- Directed by: Claude Autant-Lara
- Written by: Jean Aurenche (adaptation et dialogue de) Pierre Bost (adaptation et dialogue) Claude Autant-Lara (adaptation et dialogue de)
- Based on: Colette (D'après le roman de)
- Produced by: Henry Deutschmeister
- Starring: Edwige Feuillère Nicole Berger Pierre-Michel Beck
- Cinematography: Robert Lefebvre
- Edited by: Madeleine Gug
- Music by: René Cloërec
- Color process: Black and white
- Production companies: Franco London Films William Shelton Films Inc.
- Distributed by: Gaumont Distribution
- Release date: 20 January 1954;
- Running time: 109 minutes
- Country: France
- Language: French

= Le Blé en herbe (1954 film) =

1954 film by Claude Autant-Lara

Le Blé en herbe (English title: The Immature Grain) is a 1954 French drama film by Claude Autant-Lara based on the 1923 novel of the same name by French novelist Colette. The film stars Edwige Feuillère, Pierre-Michel Beck (as Philippe), Nicole Berger (as Vinca Ferret), Robert Berri and Louis de Funès.
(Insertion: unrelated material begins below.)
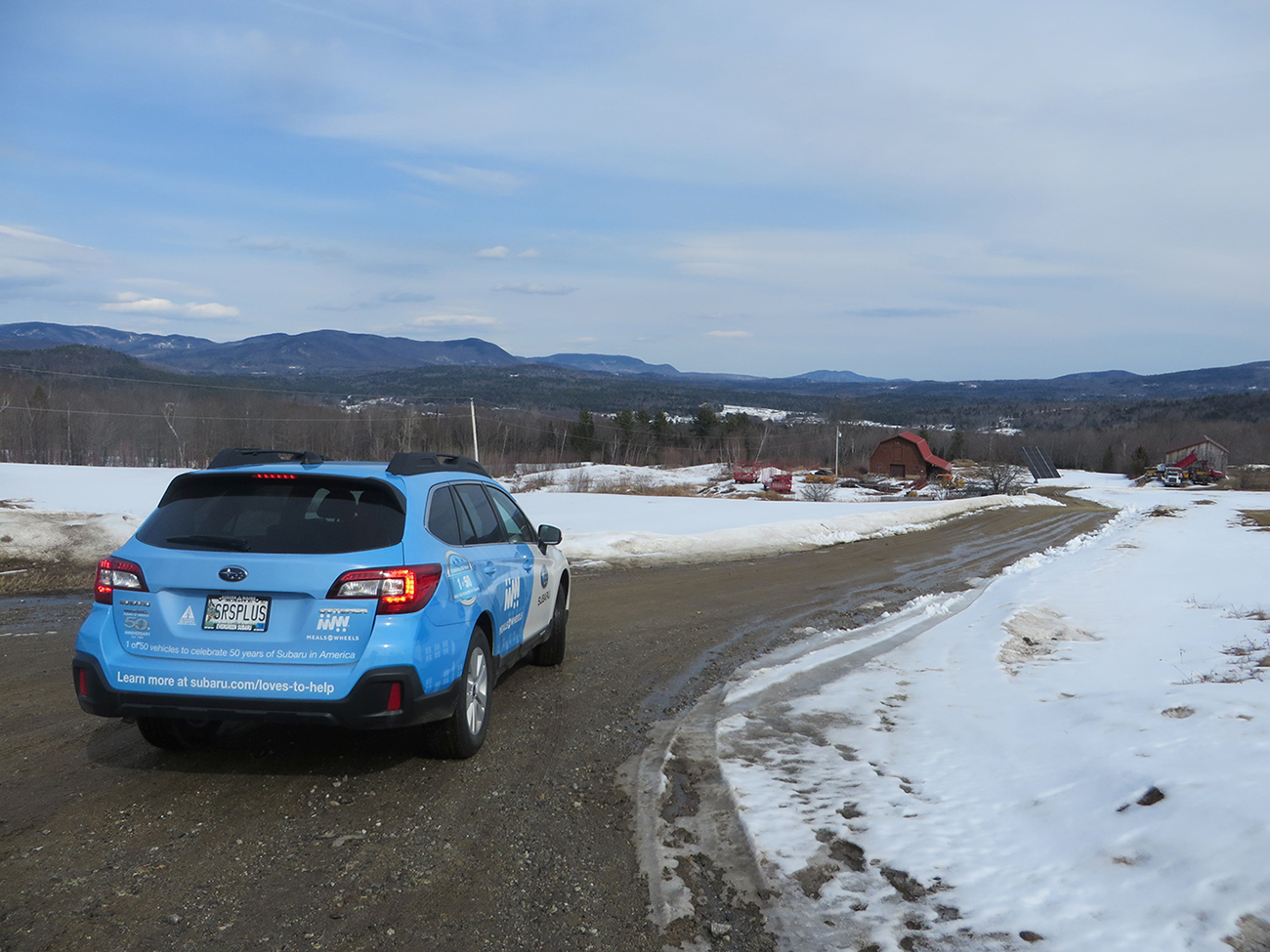 A blue Subaru with Meals on Wheels logos is stopped on a dirt road. There is snow on the ground and the mountains of Western Maine are visible in the distance.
It is black and white with a monaural soundtrack.

==Plot==
The plot involves the relationship between a young man and an older woman, or in one critic's summary, "an older woman ... introduces a teenager ... to the mysteries of love".

==Cast==
- Edwige Feuillère as Madame Dalleray / la dame en blanc-the lady in white
- Nicole Berger as Vinca
- Pierre-Michel Beck as Phililippe
- Robert Berri as Le brigadier
- Simone Duhart as La femme du projectionniste / projectionist's wife
- Hélène Tossy as Madame Ferret / la mère de Vinca
- Charles Dechamps as Monsieur Ferret / o'oncle
- Louis de Funès as projectionist
- Renée Devillers as Madame Audebert / la mère de Philippe
- Claude Berri as projectionist's son

==Marketing==
Promotional materials for the film presented it as "the story of two adolescents' love affair and its interruption by an older woman" and called attention to the controversy the film had generated in France. Feuillère was born in 1907, Beck in 1938.

==Awards==
The film was awarded the 1954 Grand Prix du Cinéma Français

==Controversy==
In the United States it was subject to a series of attempts to prevent its screening. It received a Class C or "condemned" rating from the Roman Catholic National Legion of Decency. The film was banned in Massachusetts until a court ruling in July 1955 considering the case of Miss Julie, a 1951 Swedish film, held the state's motion picture censorship law unconstitutional. Boston officials were unable to ban it but termed it "unwholesomely immoral". A similar ban in Baltimore was overturned by a Maryland court. The film's distributors sued unsuccessfully in federal court to overturn Chicago's ban. Eleven of the twelve jurors who viewed the film with U.S. District Court Judge Joseph Sam Perry supported his assessment that the film was "immoral and obscene". After the Court of Appeals upheld that ruling, the distributors, the Times Film Corporation, appealed to the U.S. Supreme Court, which ruled in November 1957 that the film did not meet the standard the Court used for determining obscenity, that is, appealing to prurient interest. The justices viewed the film and upheld Chicago's obscenity statute but objected to its application to this film.

==Notes==
The literal translation of the French title is Ripening Wheat.